From Casetext: Smarter Legal Research

People v. Pech

California Court of Appeals, Third District, San Joaquin
Oct 10, 2022
No. C093749 (Cal. Ct. App. Oct. 10, 2022)

Opinion

C093749

10-10-2022

THE PEOPLE, Plaintiff and Respondent, v. DAVID KHOUNY PECH, Defendant and Appellant.


NOT TO BE PUBLISHED

(Super. Ct. No. STKCRFE20170013837)

RENNER, J.

A jury found defendant David Khouny Pech guilty of first degree murder of S.K. (count 1) and attempted murder of S.B. (count 2). The jury found true with respect to both counts that defendant personally used a firearm (Pen. Code, § 12022.5, subd. (a))and personally and intentionally discharged a firearm and proximately caused great bodily injury or death (§ 12022.53, subd. (d)). The jury also found true the special circumstance that defendant intentionally killed S.K. by means of lying in wait. (§ 190.2, subd. (a)(15).)

Undesignated statutory references are to the Penal Code.

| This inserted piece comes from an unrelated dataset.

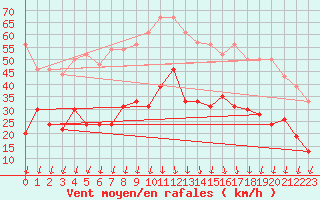 Courbe de la force du vent pour Saint-Auban (04)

The court imposed a total term of life without the possibility of parole plus 57 years to life in prison: life without the possibility of parole plus 25 years to life for the section 12022.53, subdivision (d) firearm enhancement for count 1; and seven years to life plus 25 years to life for the section 12022.53, subdivision (d) firearm enhancement for count 2.

The trial court struck the section 12022.5, subdivision (a) firearm enhancements. The abstract of judgment incorrectly reflects that these enhancements were stayed. The oral pronouncement controls and therefore we will order the trial court to correct the abstract of judgment. (People v. Mitchell (2001) 26 Cal.4th 181, 185-186.)

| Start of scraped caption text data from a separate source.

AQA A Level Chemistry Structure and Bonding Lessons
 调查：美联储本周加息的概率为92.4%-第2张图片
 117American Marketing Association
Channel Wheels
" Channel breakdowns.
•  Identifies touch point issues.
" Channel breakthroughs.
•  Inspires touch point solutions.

On appeal, defendant argues: (1) the prosecutor committed misconduct in closing argument; (2) there was insufficient evidence to support the jury's true finding on the special circumstance of lying in wait; (3) his sentence amounts to cruel and unusual punishment; and (4) the cumulative effect of the alleged errors necessitates reversal. We will affirm the judgment.

I. BACKGROUND

On September 7, 2017, S.B. was living with his son, Bruce, in Stockton. S.K. was staying in the triplex unit next door.

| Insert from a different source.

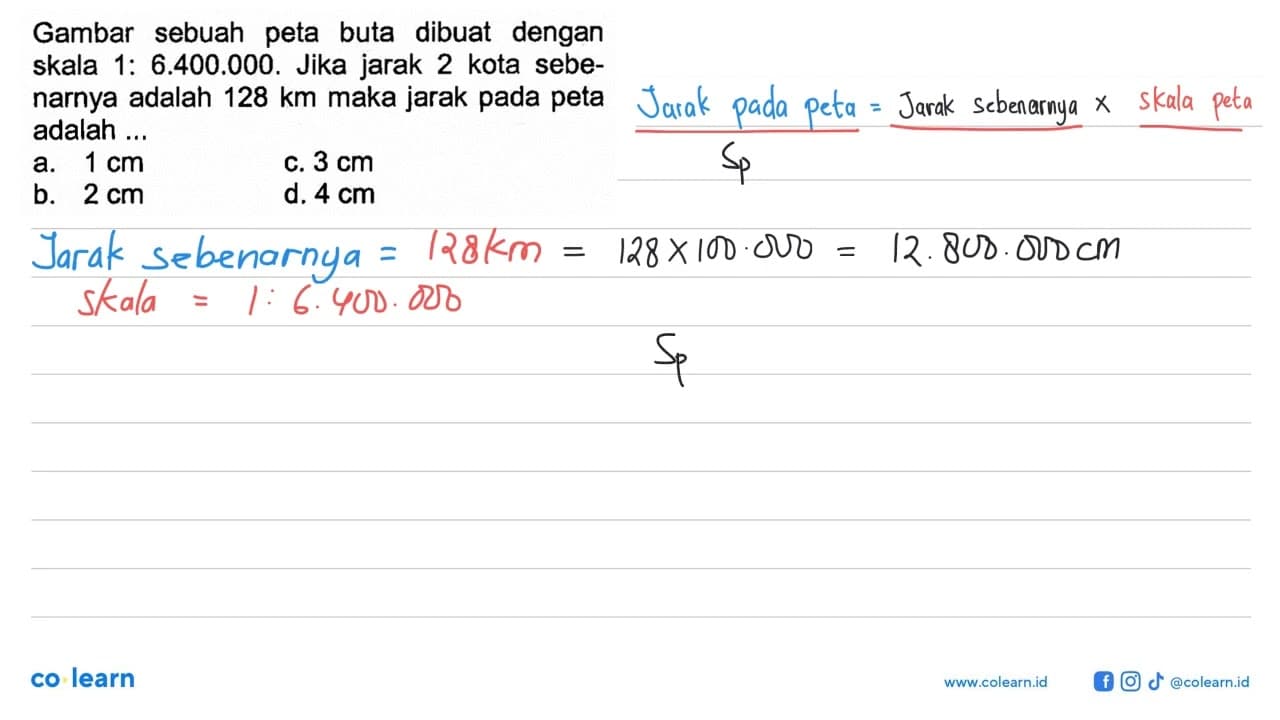 Gambar sebuah peta buta dibuat dengan skala 1: 6.400.000.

That morning, defendant texted an unknown number, "Is the 29 home," and received an affirmative reply. At around 5 p.m., defendant texted an unknown number, "Come 2 15 clip." He received the response, "Ok I'm let him know."

At around 8:00 p.m., defendant came to S.B.'s house in a Mercedes and asked about marijuana. Defendant refers to S.B. as an uncle, but they are not related. Both S.K. and S.B. had marijuana grows. Defendant asked for 50 pounds. S.B. testified that amount of marijuana was worth about $50,000. S.B. did not have it, but he told defendant that S.K. might.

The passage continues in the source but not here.